The plastron (the ventral shell) is not hinged and has a shallow U-shaped notch in the pair of anal scutes. The bridge (the parts connecting the abdominal and pectoral scutes of the plastron to the carapace) is approximately the same length as the rear part of the plastron (consisting of the femoral and anal scutes). Both the bridge and the plastron can be entirely black, dark brown, or yellowish with splotches or patterns of darker colors.

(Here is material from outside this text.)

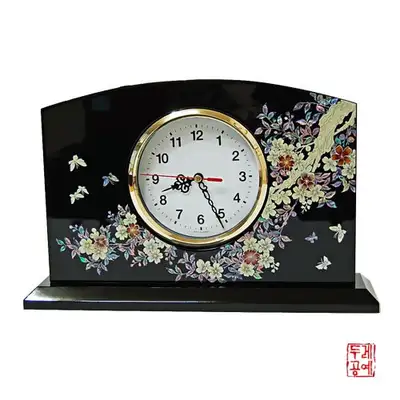花蝶螺钿挂钟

The forelimbs are covered with large transverse scales. Both the forelimbs and the hind limbs are webbed, reflecting their largely aquatic habits. The necks of black marsh turtles are characteristically thick, forming a collar around the head when it is retracted into the shell. All of the limbs, the tail, and the neck are dark gray to black. The head is broad with a short upwardly pointed snout. It is mostly black on top with cream to yellow markings around the eyes and at the throat. It also has a pair of pale white to yellow spots just behind the tympanum, usually hidden behind the folds of the neck. The powerful jaws are pale yellow to pale brown in color and curves upwards, earning it the charming name of 'smiling terrapin'.
Black marsh turtles are sexually dimorphic. Males have concave plastra in contrast to the flat plastra of females. The markings around the eyes and throat, present in all juveniles, disappear among males upon reaching adulthood while they are retained in females. The tails are also longer and thicker for males than for females.
Black marsh turtles have a diploid karyotype of 52 chromosomes. They are also notable for being the first turtle shown to exhibit an XX/XY system of chromosomal sex determination, specifically with macrochromosomes. Very rare in turtles where the gender of developing embryos are usually determined by environmental temperatures.